**WHAT YOU ARE ASKED TO DO:** As you work through the listing below, copy each line exactly and drop the images.

**DATASET EXTRACT:**

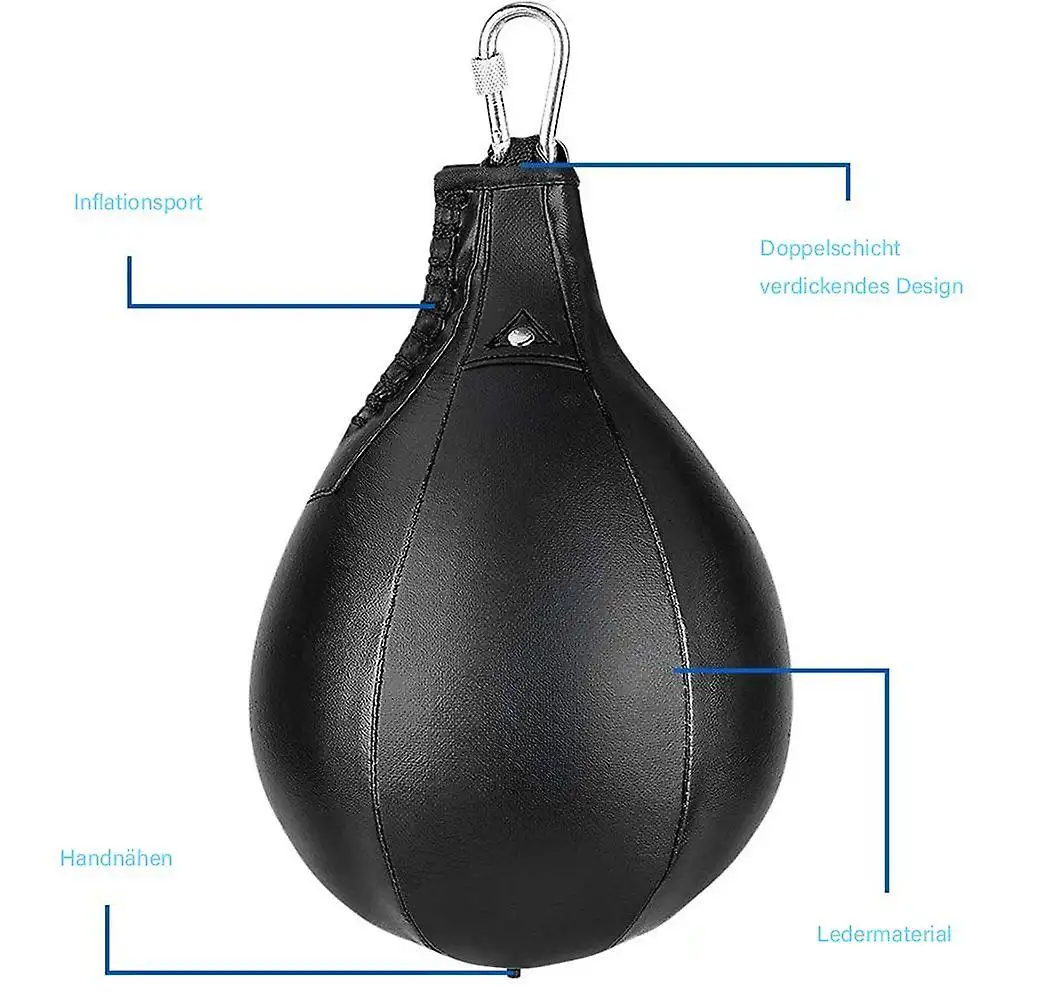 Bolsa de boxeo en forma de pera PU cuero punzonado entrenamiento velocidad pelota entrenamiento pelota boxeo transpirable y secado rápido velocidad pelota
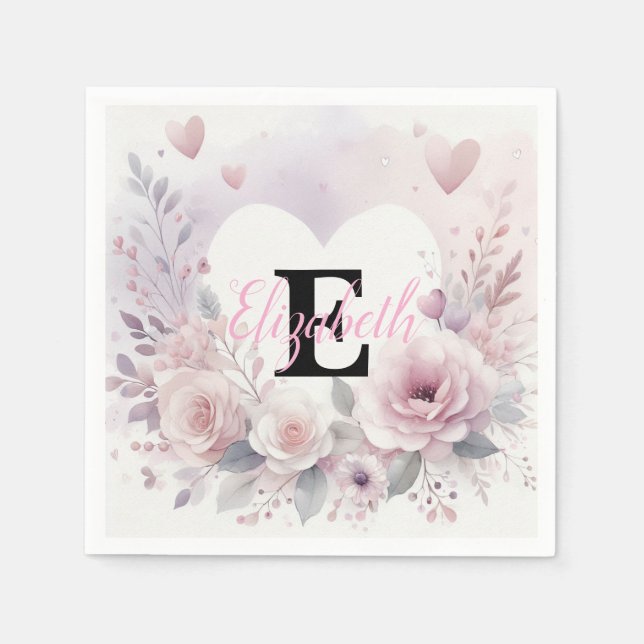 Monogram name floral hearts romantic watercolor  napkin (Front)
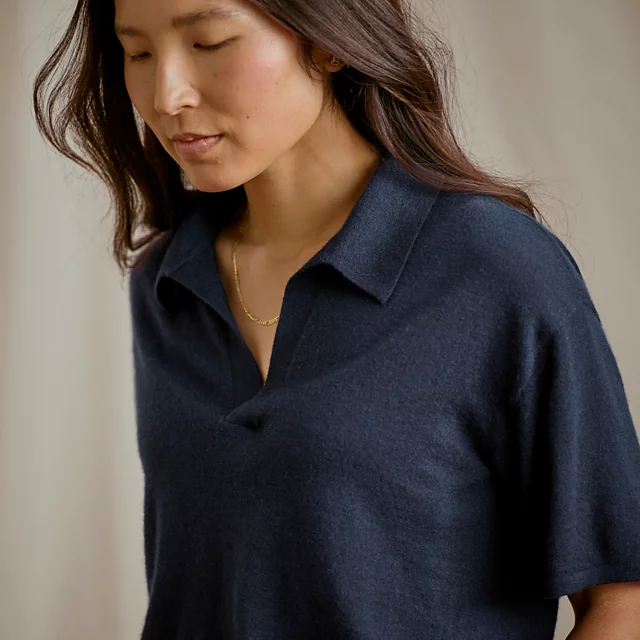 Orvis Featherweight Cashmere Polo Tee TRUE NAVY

**REPLY TO THE EXERCISE:**
 Bolsa de boxeo en forma de pera PU cuero punzonado entrenamiento velocidad pelota entrenamiento pelota boxeo transpirable y secado rápido velocidad pelota
 Monogram name floral hearts romantic watercolor  napkin (Front)
 Orvis Featherweight Cashmere Polo Tee TRUE NAVY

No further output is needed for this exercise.